Black Friday proved that operators need to minimise the negative impact of events that are hard to predict. Garth Kimber from the Isle of Man government explains to Jenni Shuttleworth what role a jurisdiction can play in this

Garth Kimber Garth Kimber

Player protection is considered to be one of the most important parts of regulation on the Isle of Man. The matter is so important in fact, that the regulator is on record as saying it needs as much attention from regulators as gambling addiction and underage gambling does.

So it comes as a surprise that it isn't on the priority list of all jurisdictions, especially considering the events that ocurred on April 15 this year. Black Friday may have made the issue of player protection topical, but what it hasn't done yet is make any jurisdiction come out and say that they are changing the way they do things.

Speaking to iNTERGAMINGi, Garth Kimber, head of egaming development at the Isle of Man government's department of economic development, said: “What makes player protection topical is firstly the question 'are regulators regulating?' Or are they just trying to build big businesses in their jurisdictions? Because if they're really regulating, surely they've got to protect the players' funds.”

He continued: “I think player protection is important and that's why the Isle of Man has always had regulation in two different government departments. Not only do we not all work together, but I work under the department of economic development and Steve Brennan and his team are now an independent statutory body that nominally goes through treasury rather than the department of economic development. So they've got real independence. I could say 'I want to bring the biggest company in the world here', but if that company didn't want to segregate players' funds, the Gambling Commission has a perfect right to say 'you might be creating 500 Isle of Man jobs, but we're still not allowing it to happen'.”

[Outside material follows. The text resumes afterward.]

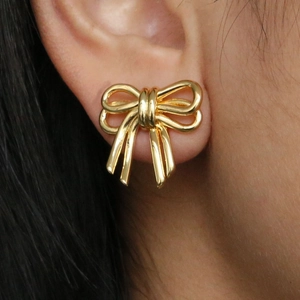 Elegant 18k gold ribbon bow earrings for women shown worn on a model's ear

The Isle of Man has always had player protection in place through independent trusts and bank guarantees, but since early last year, it is now able to bring in the protection through client accounts. “We had that nearly a year before Black Friday occurred, so that was the proof of the pudding that it works,” said Kimber.

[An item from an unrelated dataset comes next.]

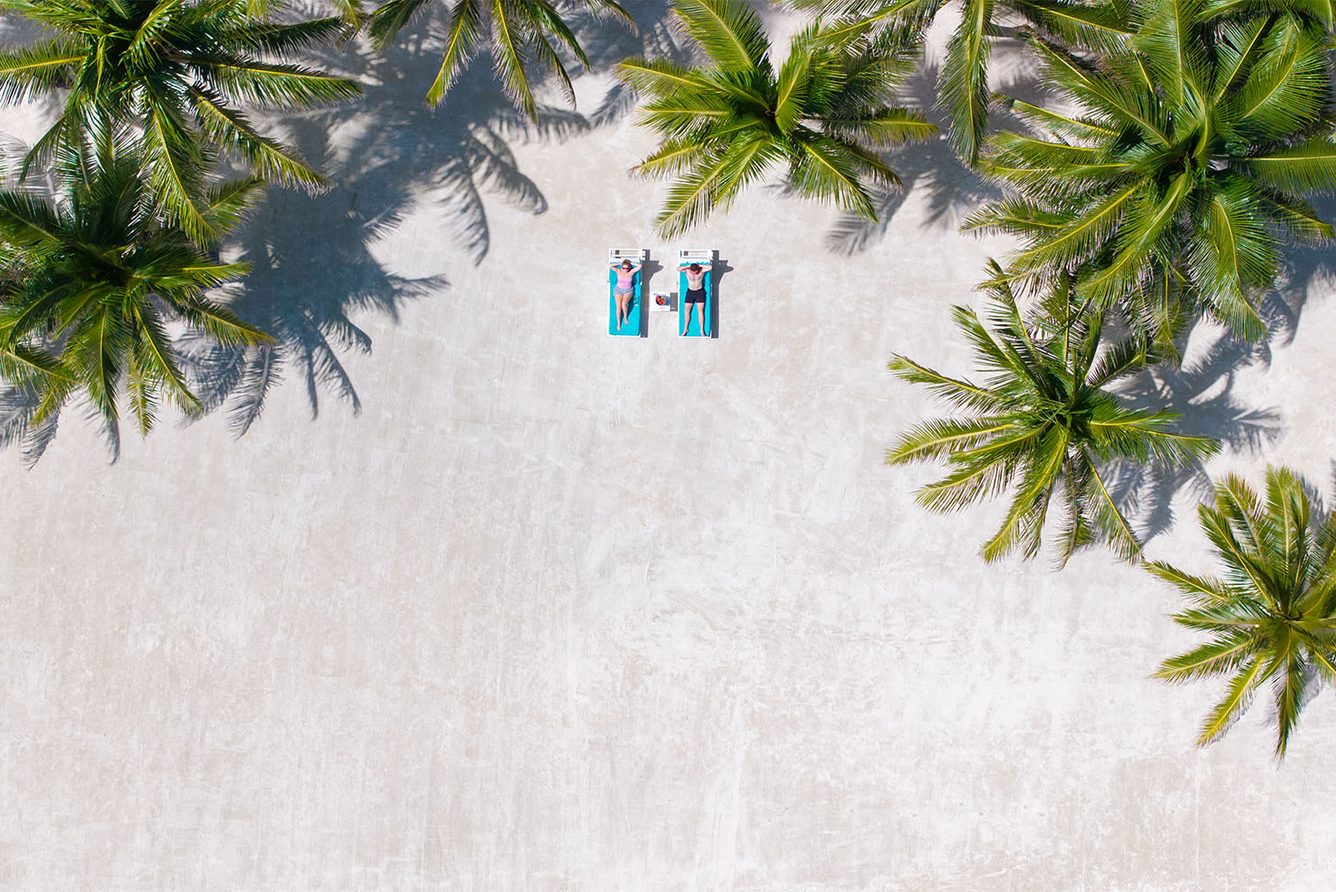Aerial view of palms and white sand along the Victoria House beach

Previously to that, player funds could be protected by two methods. The first was that the Gambling Commission would need to see a bank guarantee from any licence holder. The other way to do things was to segregate players' funds into another account and then have that looked after by a board of independent trustees who would only release out of that account the interest on the account and the profit after a period of gambling. That, however, made the Isle of Man as a jurisdiction quite expensive when compared to jurisdictions that didn't enforce this sort of thing, so it passed a law to introduce a new system that effectively treated a separate player account as the equivalent of a client account with a lawyer or a corporate service provider that was moving money about on behalf of customers.